I was wondering how I am meant to read these. I got a few strips from a friend and he said just google the results....

Anyways, I was thinking if members could post pics of their test results from strip kits.

This can give me an indication and something to compare with.

Else should I just go and buy a test kit that comes with test tube type aparatus?


----------



## ceg4048 (14 Jul 2009)

Hi,
    I've got a better idea: why not just throw them away or give them back to your friend? Test strips are among the least accurate of all test kits. Most folks here have learned not to use test kits in general and not to trust test strips in particular. You have to think about what it is that you are trying to accomplish with these kits and whether they actually help you. In most cases you can deduce the situation in the tank simply by looking at your plants. Test kits are also very much advocated by those who think nutrients cause algae so their use is generally a bad combination of inaccuracy and misinformation. This usually leads to algal blooms.

Cheers,


----------



## mlgt (15 Jul 2009)

Thanks for the reply.

I was just told to give an update on my water parameters and he just gave me a few strips to see and record the info thats all.

I agree on the fact by looking at plants gives me an idea on how the tank is going, however I have only started planting the last 2 months and just recently upgraded to a 180l tank in which I think possibly the lights need chaning.

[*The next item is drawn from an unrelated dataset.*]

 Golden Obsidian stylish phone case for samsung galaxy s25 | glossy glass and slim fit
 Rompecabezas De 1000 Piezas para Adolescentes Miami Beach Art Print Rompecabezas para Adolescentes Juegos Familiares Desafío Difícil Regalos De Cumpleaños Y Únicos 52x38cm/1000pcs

But I will learn along the way.

R


----------



## aaronnorth (15 Jul 2009)

there isnt really much need for them once a tank is establishes. Any ammonia produced, even whats undectable to a test kit, you will know about because you will probably get an algal bloom, so you can always do a waterchange to help.


----------



## ceg4048 (15 Jul 2009)

mlgt said:
			
		

> Thanks for the reply.
> 
> I was just told to give an update on my water parameters and he just gave me a few strips to see and record the info thats all.
> 
> ...


Well, maybe it would be better to give us an idea of what problem you're having and the context under which the person asked you to perform a test. There may be a good reason, and there may be a way of determining the information other than via the test strip.

There are only 2 real reasons that lights absolutely _need_ to be replaced:
1. When the light switch is selected to the ON position the light bulb does not illuminate.
2. You prefer a different color light bulb for aesthetic purposes.

Again, we really need to understand the context in which you feel these actions need to be performed. Are you experiencing some difficulty with plant growth? Did someone advise you to perform a test or to change your bulb as a result of this difficulty? This is my immediate suspicion. If this indeed is the case, then I can categorically tell you that in both cases the answer is no, you don't need to do any of these actions, but you may need to perform other, more effective actions. Could you elaborate a bit more?

Cheers,


----------